## GOAL OF THE EXERCISE
Make an exact transcript of the lines in the data below, starting with the one containing "R2 is going to be larger" and going on through the one containing "For more information", with both included and the pictures left out.

______________________________

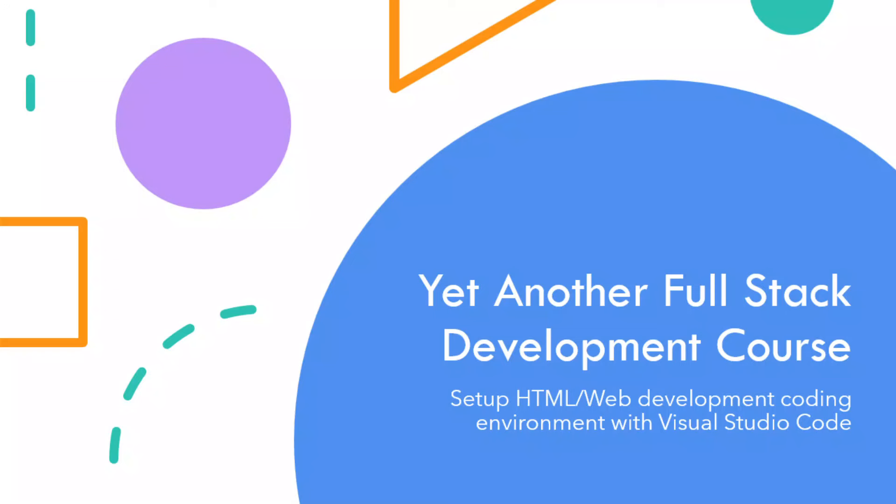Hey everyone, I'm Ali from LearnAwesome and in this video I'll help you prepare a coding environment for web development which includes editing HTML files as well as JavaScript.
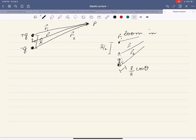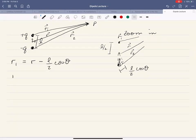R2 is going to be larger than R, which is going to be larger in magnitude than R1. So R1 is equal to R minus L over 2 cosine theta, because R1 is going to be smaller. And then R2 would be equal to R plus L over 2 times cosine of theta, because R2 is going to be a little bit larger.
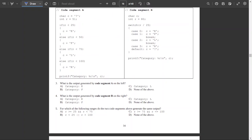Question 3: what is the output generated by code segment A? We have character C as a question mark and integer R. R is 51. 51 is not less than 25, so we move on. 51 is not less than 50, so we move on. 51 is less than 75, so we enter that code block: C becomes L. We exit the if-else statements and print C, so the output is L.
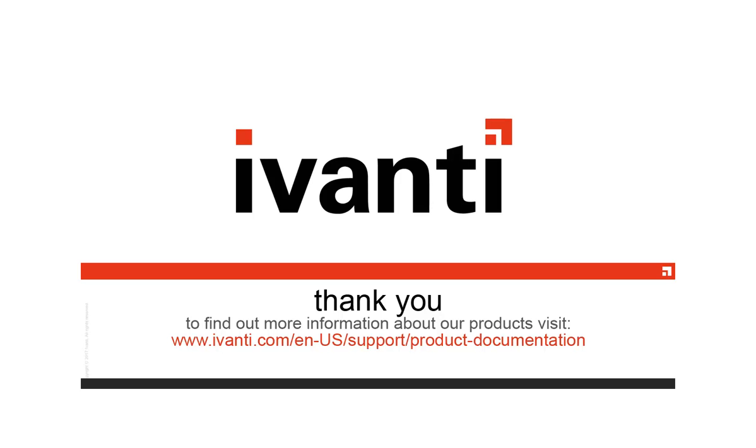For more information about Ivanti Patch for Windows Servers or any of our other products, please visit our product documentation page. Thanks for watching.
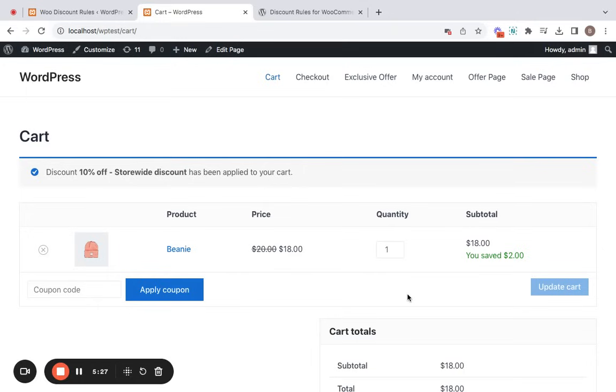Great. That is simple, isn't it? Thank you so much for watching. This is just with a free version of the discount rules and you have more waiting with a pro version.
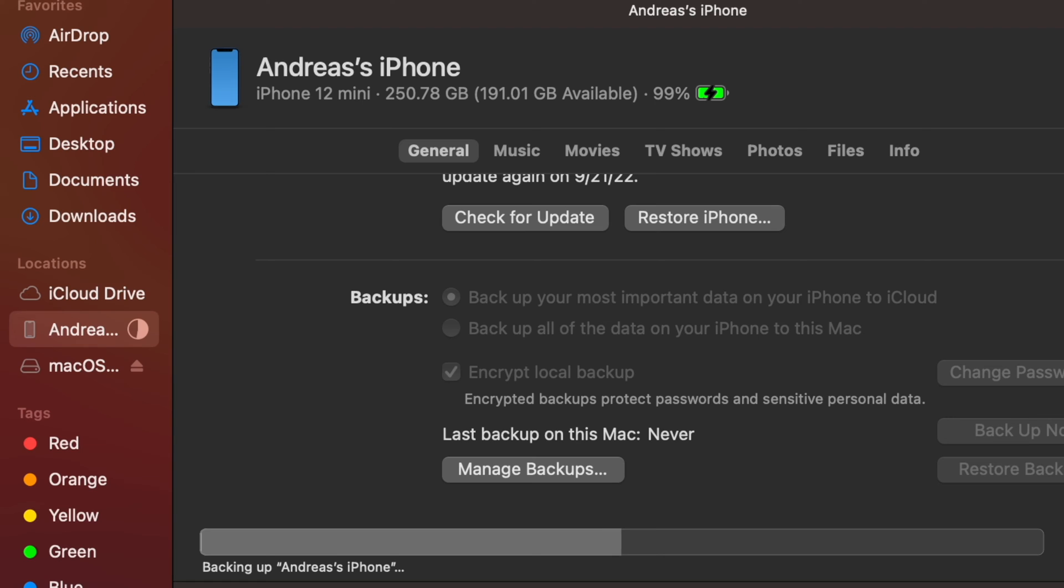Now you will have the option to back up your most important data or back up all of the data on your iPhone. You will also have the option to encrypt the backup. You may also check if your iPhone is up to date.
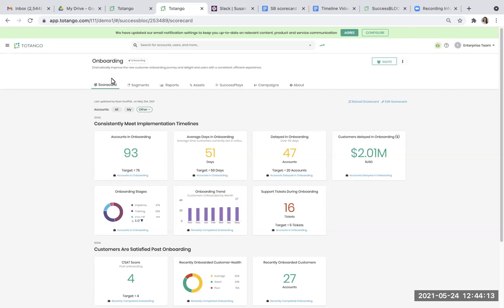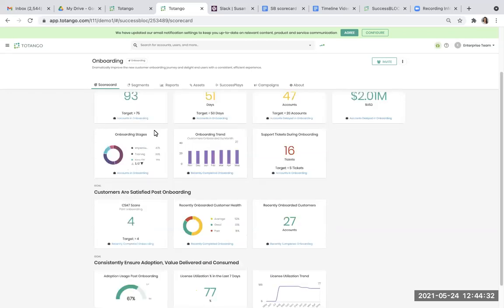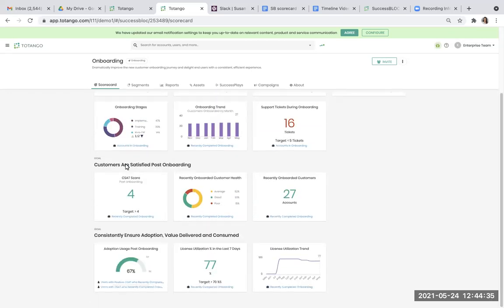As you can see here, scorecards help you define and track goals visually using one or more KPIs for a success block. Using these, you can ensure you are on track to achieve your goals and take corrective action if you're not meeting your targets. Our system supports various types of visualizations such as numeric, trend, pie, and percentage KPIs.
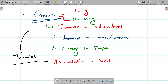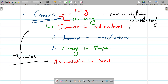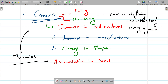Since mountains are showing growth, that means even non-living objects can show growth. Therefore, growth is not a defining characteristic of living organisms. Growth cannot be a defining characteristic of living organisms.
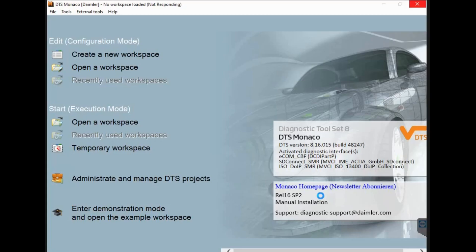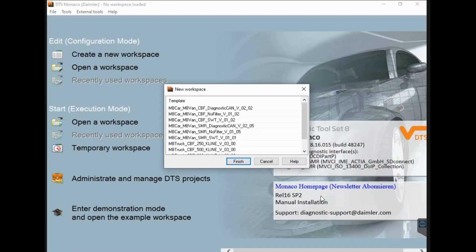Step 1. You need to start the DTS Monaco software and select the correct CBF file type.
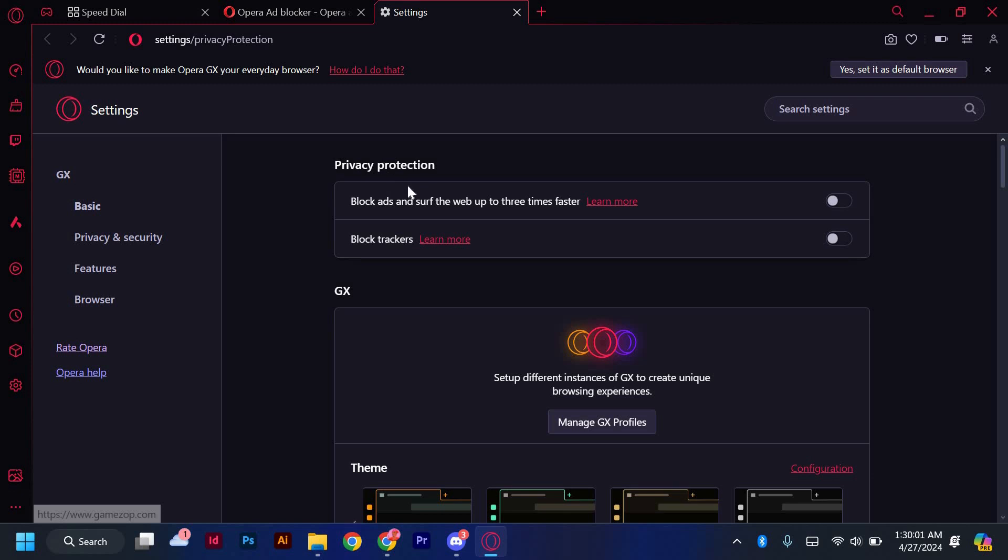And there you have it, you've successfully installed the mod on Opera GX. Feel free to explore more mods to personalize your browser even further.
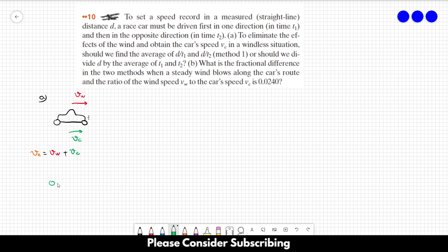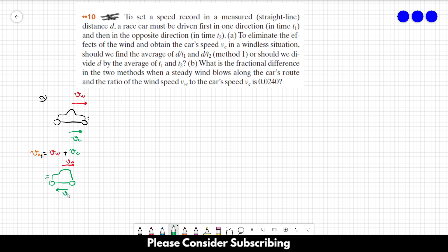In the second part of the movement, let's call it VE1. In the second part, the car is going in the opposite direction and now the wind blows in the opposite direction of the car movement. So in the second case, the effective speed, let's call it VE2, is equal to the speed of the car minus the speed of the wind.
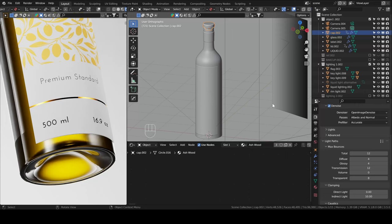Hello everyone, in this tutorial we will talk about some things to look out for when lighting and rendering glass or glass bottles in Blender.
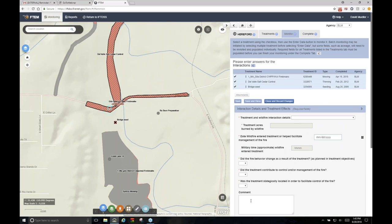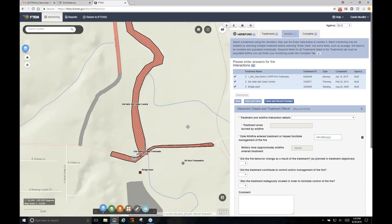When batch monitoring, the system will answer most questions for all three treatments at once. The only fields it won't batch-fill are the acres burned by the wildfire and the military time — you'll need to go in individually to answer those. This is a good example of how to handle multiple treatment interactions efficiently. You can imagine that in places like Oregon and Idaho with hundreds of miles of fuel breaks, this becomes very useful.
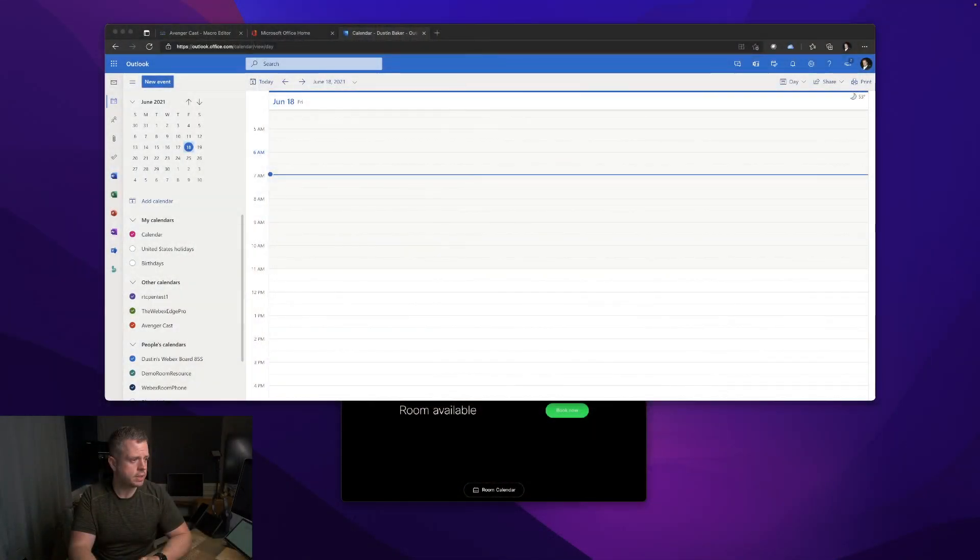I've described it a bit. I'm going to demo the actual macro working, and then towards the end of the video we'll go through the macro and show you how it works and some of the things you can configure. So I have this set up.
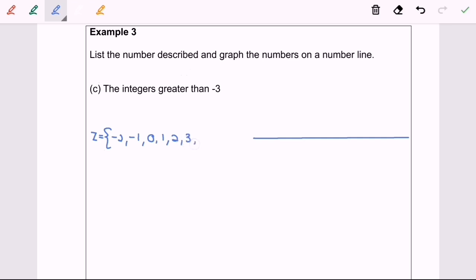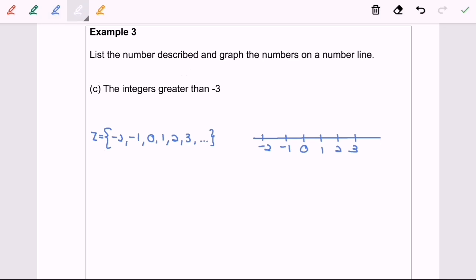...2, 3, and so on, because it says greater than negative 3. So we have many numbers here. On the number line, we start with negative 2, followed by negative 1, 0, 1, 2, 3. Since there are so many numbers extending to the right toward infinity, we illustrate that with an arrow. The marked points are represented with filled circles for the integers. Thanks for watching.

______________________________

## SOLUTION
R2 is going to be larger than R, which is going to be larger in magnitude than R1. So R1 is equal to R minus L over 2 cosine theta, because R1 is going to be smaller. And then R2 would be equal to R plus L over 2 times cosine of theta, because R2 is going to be a little bit larger.
Question 3: what is the output generated by code segment A? We have character C as a question mark and integer R. R is 51. 51 is not less than 25, so we move on. 51 is not less than 50, so we move on. 51 is less than 75, so we enter that code block: C becomes L. We exit the if-else statements and print C, so the output is L.
For more information about Ivanti Patch for Windows Servers or any of our other products, please visit our product documentation page. Thanks for watching.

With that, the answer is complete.